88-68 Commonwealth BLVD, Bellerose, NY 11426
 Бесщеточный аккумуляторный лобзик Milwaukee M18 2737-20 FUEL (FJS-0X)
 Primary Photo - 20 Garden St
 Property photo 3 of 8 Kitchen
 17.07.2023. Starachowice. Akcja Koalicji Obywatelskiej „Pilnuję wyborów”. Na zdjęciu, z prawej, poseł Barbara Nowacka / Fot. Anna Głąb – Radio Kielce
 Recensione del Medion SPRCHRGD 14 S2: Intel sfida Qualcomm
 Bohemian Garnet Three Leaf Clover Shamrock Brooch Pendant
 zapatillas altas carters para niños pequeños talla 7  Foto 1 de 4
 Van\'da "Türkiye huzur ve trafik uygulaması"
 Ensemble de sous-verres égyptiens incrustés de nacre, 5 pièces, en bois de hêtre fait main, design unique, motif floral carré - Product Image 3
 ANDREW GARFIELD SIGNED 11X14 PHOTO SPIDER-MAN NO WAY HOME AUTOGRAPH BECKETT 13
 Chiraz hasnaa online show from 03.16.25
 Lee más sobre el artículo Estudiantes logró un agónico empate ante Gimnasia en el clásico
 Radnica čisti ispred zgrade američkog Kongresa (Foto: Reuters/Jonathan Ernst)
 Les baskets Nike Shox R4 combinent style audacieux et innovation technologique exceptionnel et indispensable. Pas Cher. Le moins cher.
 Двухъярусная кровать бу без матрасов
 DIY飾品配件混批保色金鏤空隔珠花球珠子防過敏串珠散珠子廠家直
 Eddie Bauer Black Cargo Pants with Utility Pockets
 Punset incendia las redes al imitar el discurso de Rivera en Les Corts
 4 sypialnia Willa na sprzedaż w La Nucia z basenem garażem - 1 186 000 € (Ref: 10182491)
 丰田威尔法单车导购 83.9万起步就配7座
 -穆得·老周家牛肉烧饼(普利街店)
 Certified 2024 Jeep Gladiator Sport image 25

□ □ □ □ □

What you will do
Using the listing above, show every line that includes the string "Foto".

Your solution
 zapatillas altas carters para niños pequeños talla 7  Foto 1 de 4
 Radnica čisti ispred zgrade američkog Kongresa (Foto: Reuters/Jonathan Ernst)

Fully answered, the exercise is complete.